What I’m going to present to you today is based on an EU-funded project that Teknologirådet participated in, and that was finished last year, called PRISE.
Our focus was on technologies and means to ensure the security of the society, but the result should be applicable also to safety and security in the transport sector. We started out by making an overview of different basic technologies that make up security applications. These technologies are also central in ITS applications:
Communication technologies is a basis for all ITS applications. The use of positioning technology such as GPS is an example - and in particular when the position of the vehicle is communicated to other systems. A very relevant example is eCall – that will ”phone home” – or rather 112 – and give a full report when a vehicle has been involved in an accident. The potential for use of positioning or locating technologies in other applications, such as traffic planning, is growing with every gadget we get with a GPS. In a few years most of us will walk or drive around with more than one of these on us. And communication technology is more than what we traditionally think of – phone calls, e-mails and such. There is also communication between an RFID sender and the toll booth that we pass, between the two cameras involved in automated traffic control over a distance etc. The main privacy challenge with communications technology is eavesdropping – that someone can get hold of the information during the communication.
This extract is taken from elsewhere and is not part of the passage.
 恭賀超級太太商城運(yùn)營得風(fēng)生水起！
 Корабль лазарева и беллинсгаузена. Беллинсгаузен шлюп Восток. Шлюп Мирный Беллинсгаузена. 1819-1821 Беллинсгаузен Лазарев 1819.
And of course we looked at sensors, such as cameras (electro optical sensors). In safety and security in the transport sector they are both used traditionally – for surveillance for instance in busses and trains, but also for ATC, licence plate registration and recognition etc.
Other sensors can be RFID chips for road pricing or toll. Black boxes (i didn’t find a good picture of that), ticketing systems for public transport. And – if we leave the road for a while – embedded in identity documents used when we travel abroad. The main privacy challenge with sensors is transparency: It is often impossible for a person to know if he or she is captured by a camera, of if an RFID tag is read by a reader.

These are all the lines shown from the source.